Вскоре оба они, с дитем на руках да с Песиком Ложкой впереди, опять ступили на зыбкую потаенную стежку, что вела через болота — на ту сторону озера, в Мирослав, со всех сторон обложенный войсками пана гетмана.
15
По тем же болотам бродила и Ярина с тремя подругами из городской девичьей стражи.
Подстерегая ворога, шарили они по всем закоулкам Мирослава.
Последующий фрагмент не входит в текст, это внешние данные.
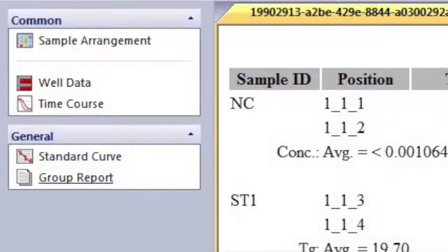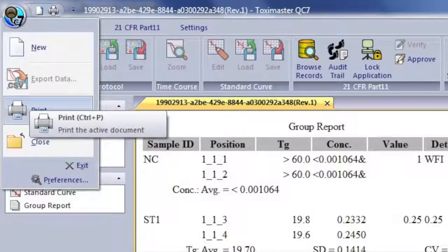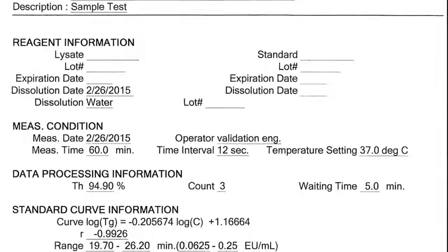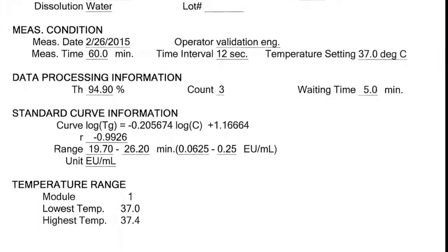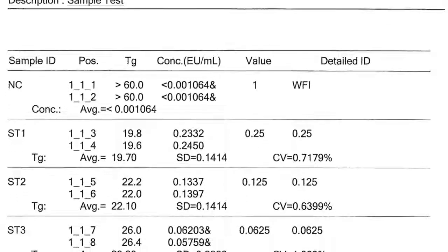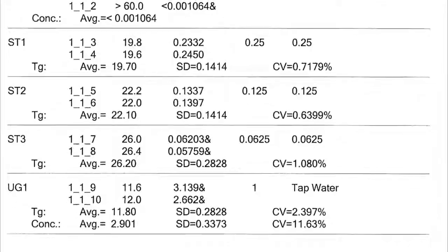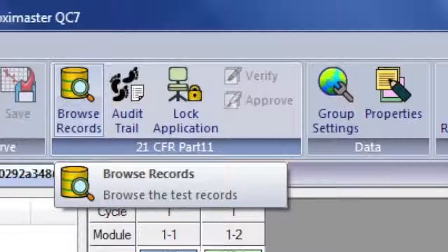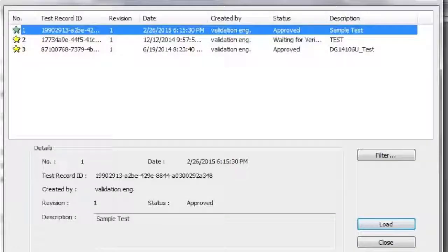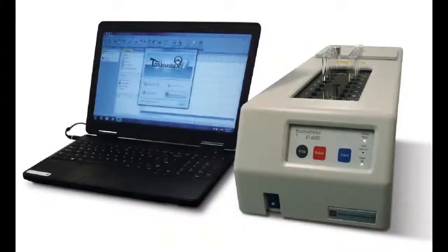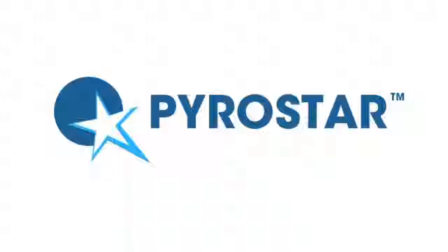You may also select Group Report for printing all information about the testing samples. As well as for the Group Report, if reagent information was entered when the sample was arranged, it will be printed within the General Group Report. Use the Browse Records button to find previous testing results. These reasons and more are why you should select WACO Chemicals USA as your LAL provider.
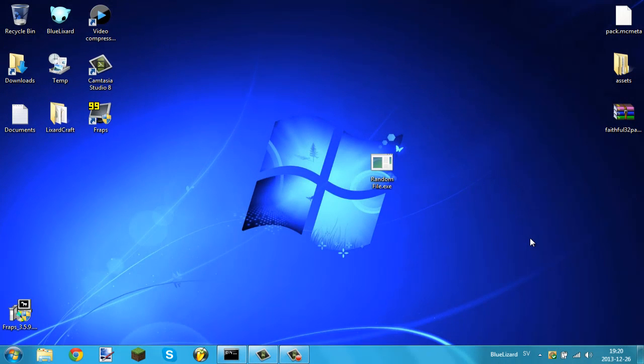Hey guys, what is up? Hi and welcome back to BlueLixer. Today I'm going to bring you a new tutorial and tips and tricks on Windows.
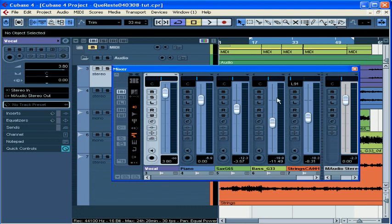This concludes our tutorial on writing automation to audio tracks using the mixer. In our next tutorial, we'll learn how to draw automation manually in the project window.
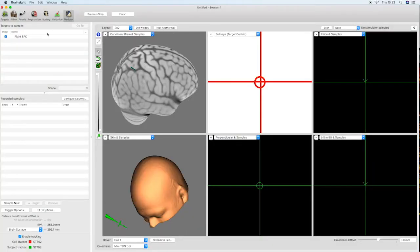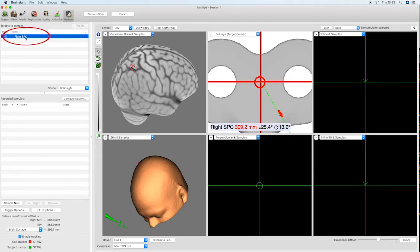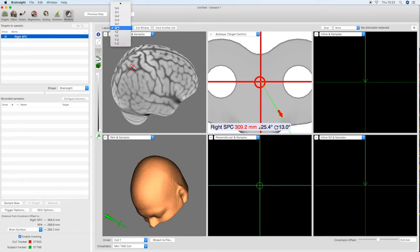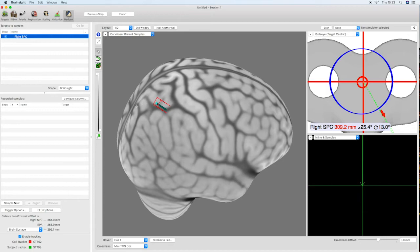After completing the subject registration we are now ready to start navigating the TMS coil to our intended target. First select the intended target in the target list in the top left hand side of the screen. This will then be displayed in the bullseye view.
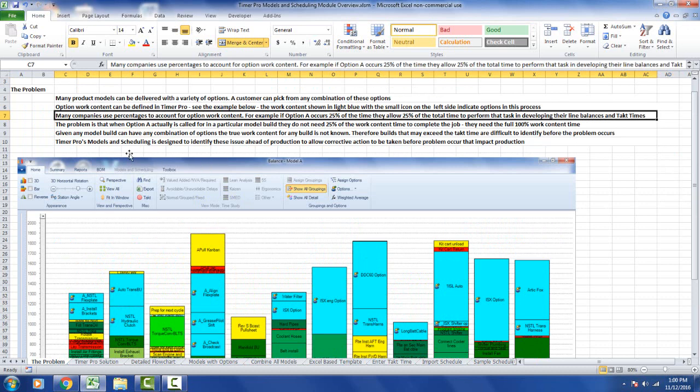Many companies use percentages to account for option work content. For example, if option A occurs 25% of the time, they allow 25% of the total time to perform the task in developing their line balances and tack times.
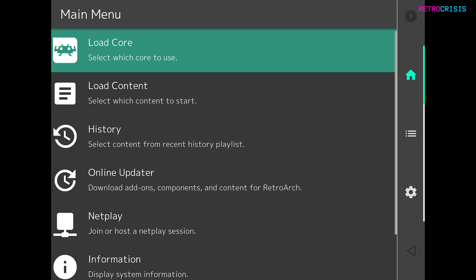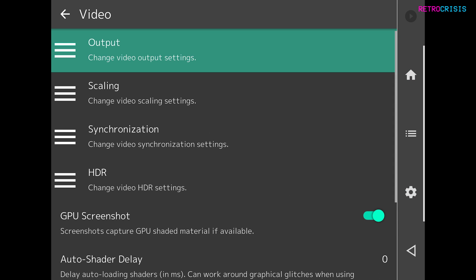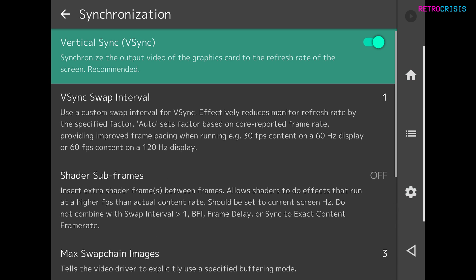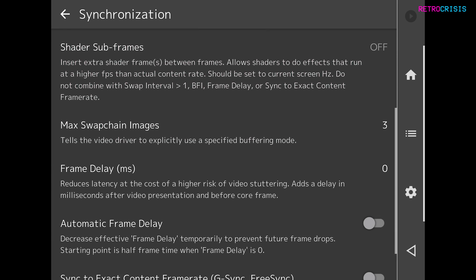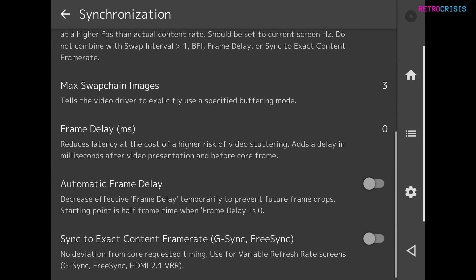So in Retro Watch click on the settings wheel on the right, go to video, go to synchronization and then you want to make sure that vertical sync v-sync is on. So this top one here, make sure it's on.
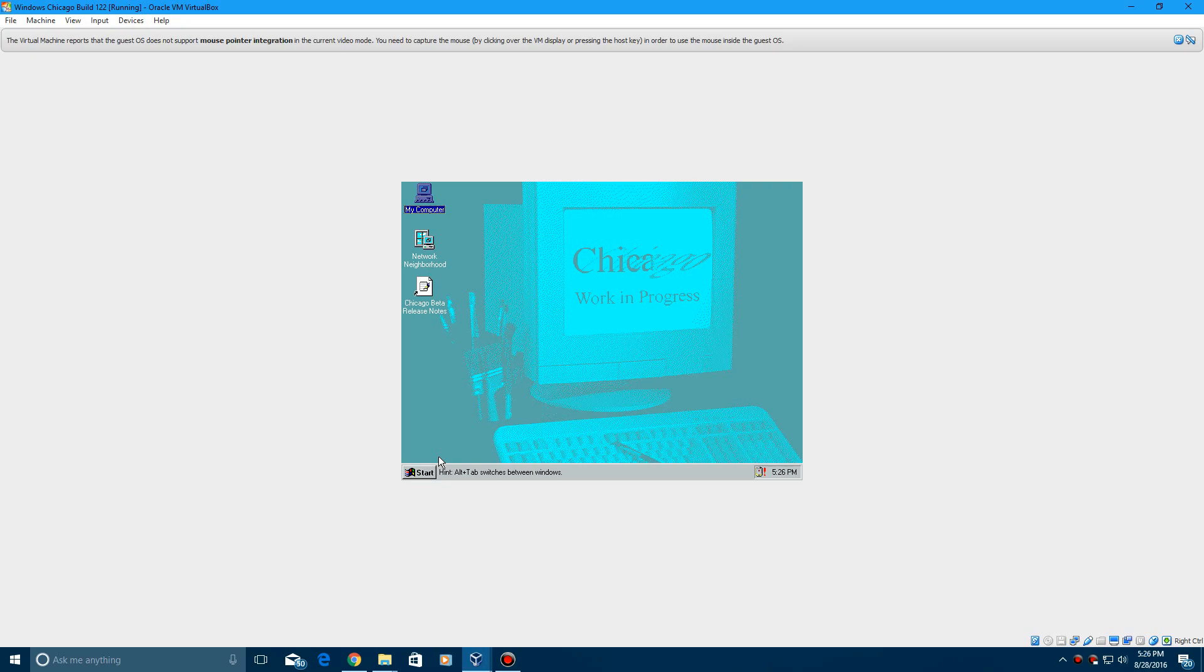And it is gonna storm I guess, if you heard the lightning in the background. Thank you Mother Nature. So there you go guys, that's how to install Windows Chicago Build 122 in VirtualBox or VMware. Thank you guys for watching this quick tutorial. Please give me suggestions down below, I'm really running low on Windows ideas.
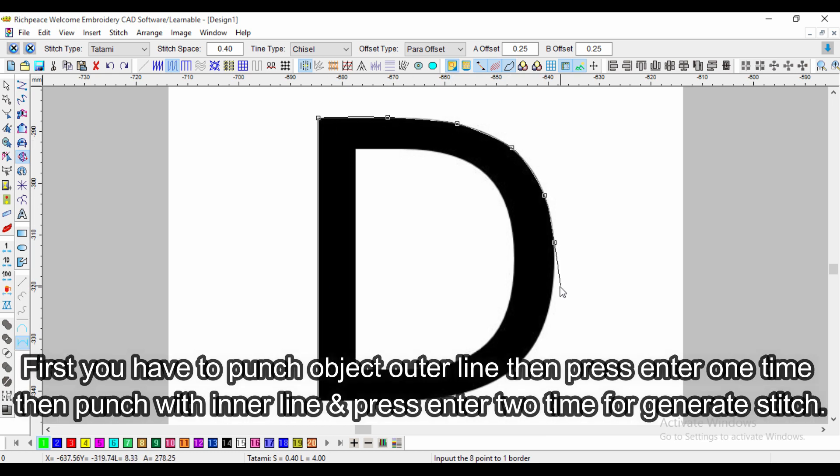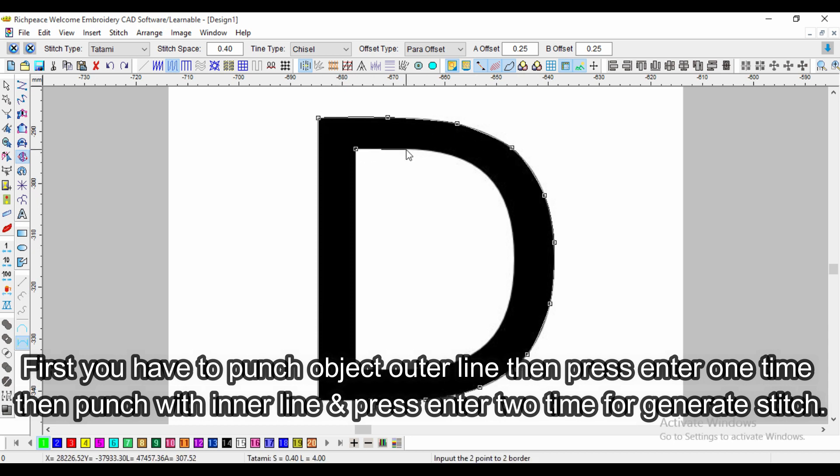First, you have to punch object outer line, then press enter one time. Then punch with inner line and press enter two times to generate stitch.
По рощам и лесочкам вокруг.
По зарослям калиновым.
В городе все больше и больше являлось подстрекал да наущателей, сеявших среди защитников Долины всякие страхи да россказни, и Лукия с Яриной ставили себе то в вину: ведь кому, как не им, должно всех этих соглядатаев да шептунов хватать, прежде чем они перейдут межу Долины.
Ярина Подолянка в тот день была озабочена и невесела, а может, еще и слаба после огневицы.
Все, что происходило с нею в Европе — в Риме, Мадриде, в Париже, в Амстердаме, — все это тянулось за нею и сюда, на Украину.
Попытка гетмана Однокрыла выкрасть ее, покуда она с полгода жила у своей крестной матери на Подолье… Потом некий монах-доминиканец, который появлялся на хуторе у крестной. Прибытие в Мирослав того щеголеватого шляхтича, Оврама Раздобудько. И пренаглое письмо Гордия Гордого — с обещанием снять осаду, если мирославцы выдадут ему (сиречь самому Риму) ее духовника и вызволителя, отца Игнатия, старого Гната Романюка, а вместе с ним и ее, панну Подолянку, что была им зачем-то нужна позарез…
Однако… зачем?
Чего они так за нею охотятся?
О чем хлопочут?
Что им надобно от нее, неразумной дивчины? Да, да, глупой и безголовой, неоглядчивой дурехи, ибо не может она уразуметь, что за проклятие тяготеет над ее головою!
16
Когда отца ее, полковника Прилюка, побратима и зятя Мельхиседекова (мужа его родной сестры), посланного на переговоры в Варшаву, паны ляхи схватили и после пыток отдали инквизиции, где он и погиб лютой смертью, о чем можно и ныне прочитать в польских хрониках, — ее, Ярину, в том же году, еще маленькой, сокрыв смерть отца, доминиканские монахи выкрали у родной матинки и завезли на край света, куда-то за Мадрид, и там заперли в женский монастырь.
Ее не мучили, как отца.
Не пытали. Не томили и тяжким трудом.
Ее воспитывали: панною, шляхтянкой, доброй католичкой.